I would like to address your question by discussing the value of rituals and family traditions. First, let me explain what I mean by the word “ritual”. I am not talking about a religious ceremony or repetitive compulsive behavior. What I am talking about are predictable and consistent events that strengthen family bonds and help children to feel safe. Young children thrive on predictability and routine, providing them with a sense of comfort. In addition, this helps them to build a sense of trust in the world and their surroundings, which is so important for healthy psychological development.
If you want to start with one new ritual, I would recommend instituting a bedtime ritual. What a wonderful way to go off into dreamland! A bedtime ritual can include a warm bath, brushing teeth, putting on pajamas, reading a book or two, snuggling, and a special good night phrase, prayer, song, hug and/or kiss. Doing this same routine at the same time every night helps children to trust that some things can be relied upon consistently. It also provides children with something that they crave – special time alone with parents.
Regarding bedtime rituals, it is better to stay away from video and computer games, as well as television, which have all been shown to stimulate children, making it harder for them to fall asleep. Another ritual or tradition is to set aside family time during the week. This can either be time together as an entire family, or time alone with a child.

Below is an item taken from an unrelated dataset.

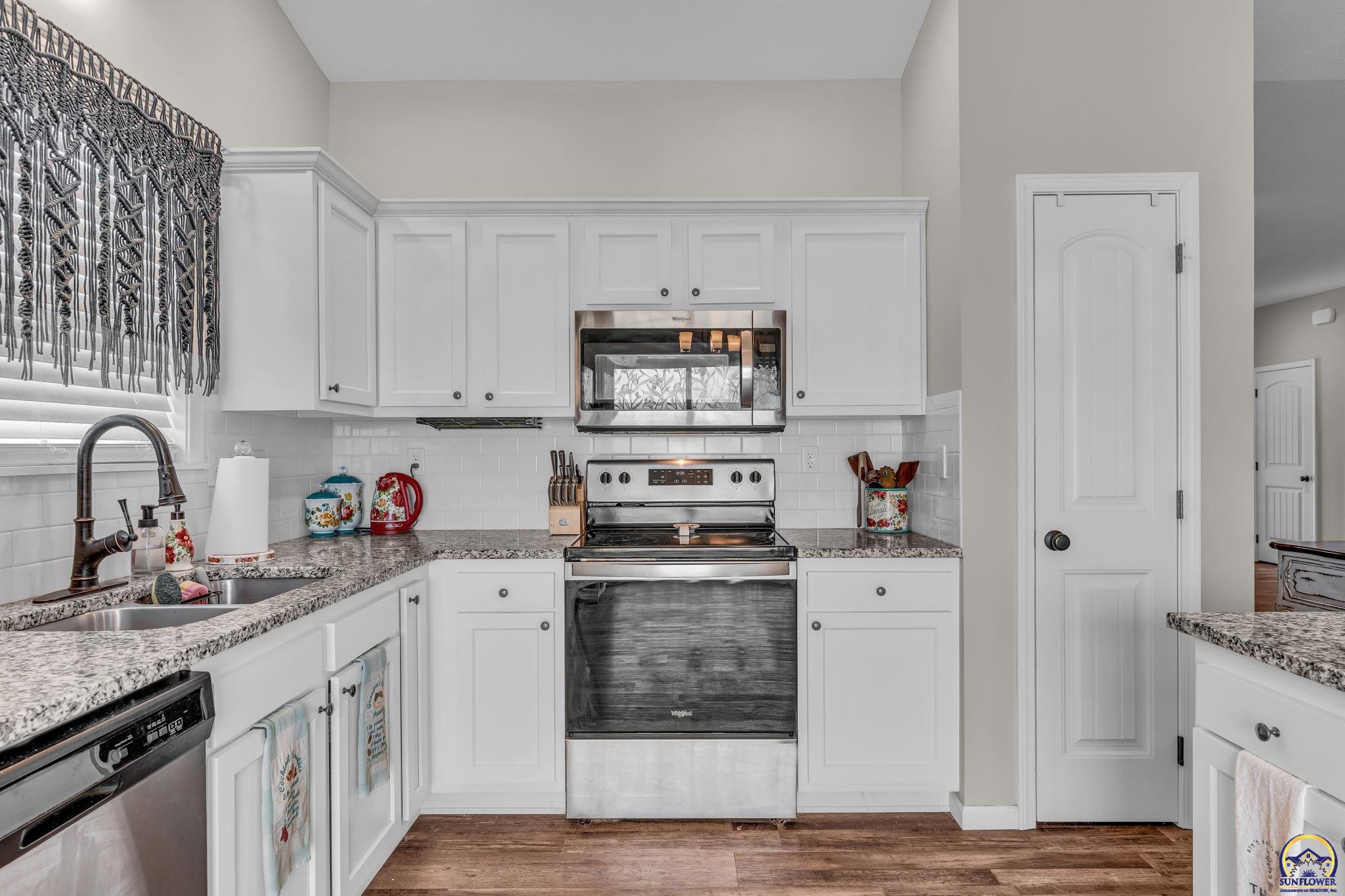 905 East Front Street Perry, KS 66073 - Photo 12 of 33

Whenever possible, this ritual should take place at the same day and time every week. This allows children to expect and look forward to a special time which includes activities of their choosing. Keep in mind that the activities need not be elaborate nor expensive. Uno cards, drawing, and using playdough are inexpensive and are favorites among young children. A more active child may simply enjoy listening to music and dancing, or turning the living room into an obstacle course. An older child might prefer a predictable nightly check-in conversation at bedtime.
Rituals do not need to be elaborate. In fact, the simpler, the better. If you keep the ritual simple and inexpensive, you will be more likely to engage in it when you are feeling tired, stressed out, or when money is tight. Rather than being an added stress, the ritual can then have a calming and soothing effect on you as well.
Rituals and traditions can be built into events that are already part of the daily routine. Rituals can be incorporated into getting ready for school, picking your child up from school, or making dinner. Examples include:
- While brushing teeth in the morning, sing and dance to the same familiar song.
- When picking your child up from school, create a special way you greet each other and share your favorite things that happened that day.
- Make one night during the week a special “backwards” meal, such as eating breakfast food, or eating dessert first!
As I write this column, I am filled with memories of rituals from my own childhood. This is another benefit of instituting rituals and traditions: They help to strengthen family bonds and create warm childhood memories.